A Blockchain is form of ledger containing a growing list of records, called blocks, which are linked using cryptography. Each block contains a cryptographic hash of the previous block, a timestamp, and transaction data. In a Blockchain, all transactions are authenticated in a decentralised manner by all other users in the Blockchain. Each transaction is added as a block to the Blockchain. As each user has its own record of the Blockchain, it is impossible to amend the block after the transaction has been recorded. The blocks are open for all users to see but these cannot be edited.
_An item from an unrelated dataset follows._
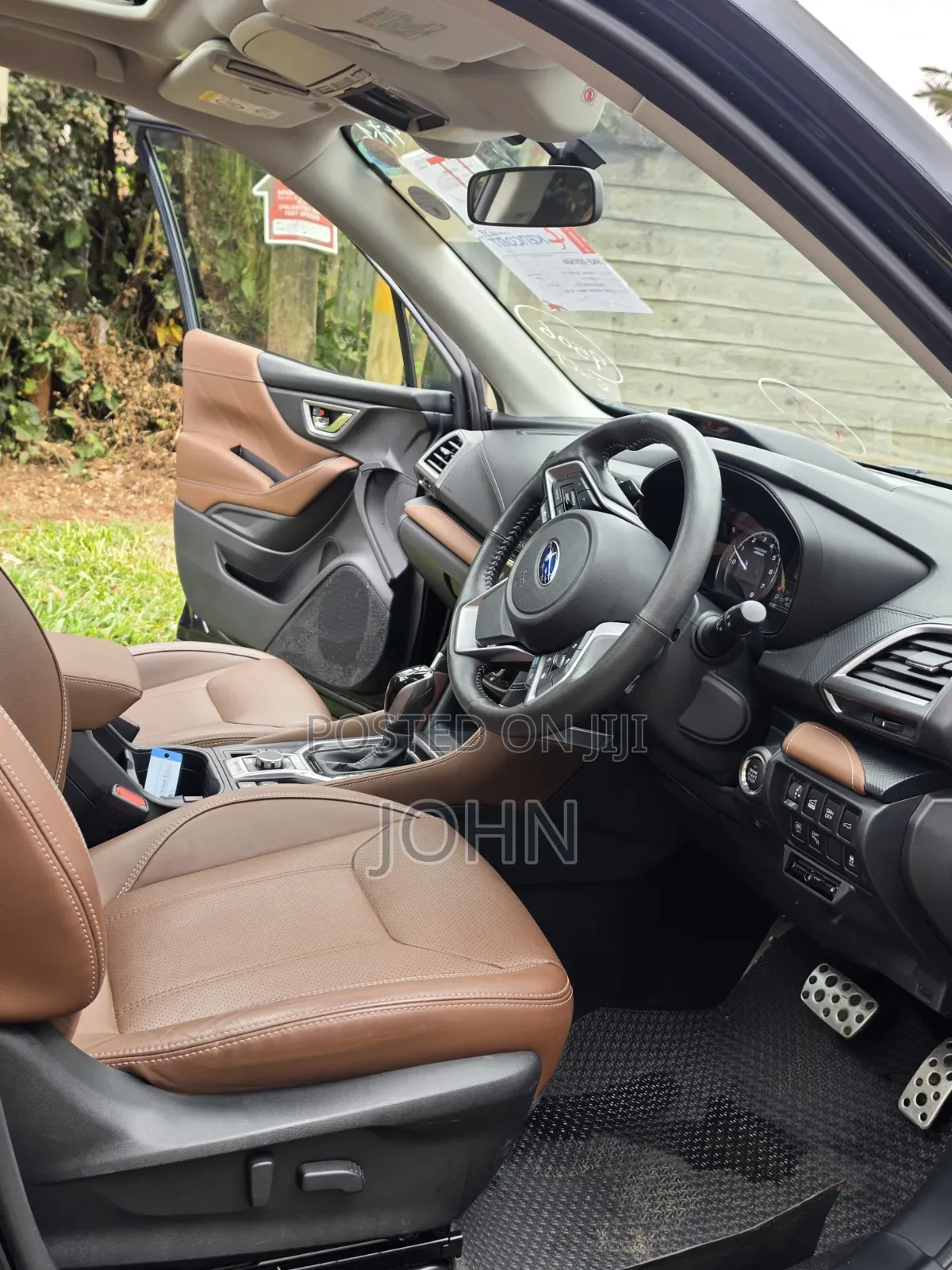Subaru Forester Premium AWD 2019 Blue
This would be useful for dispute resolutions which may occur as there is an unchangeable record of what was sent/received between various parties which is recorded as a hash value of the content and will remain the same on the blockchain. For example, the hash value of the message is recorded on the Blockchain when it is sent. If the message is subsequently modified by the receiver, then the hash value of the message will change. Comparing the hash value of the message with the hash value on the Blockchain would therefore indicate whether any modifications to the message have been made since the message was sent by the sender.

Additionally or alternatively, a Blockchain may be used to store users hash values of users' public and/or private encryption keys (along with a timestamp indicating the date and time the keys were generated). The public and private encryption keys can then be verified by comparing their hash values with the hash values of the encryption keys stored on the Blockchain.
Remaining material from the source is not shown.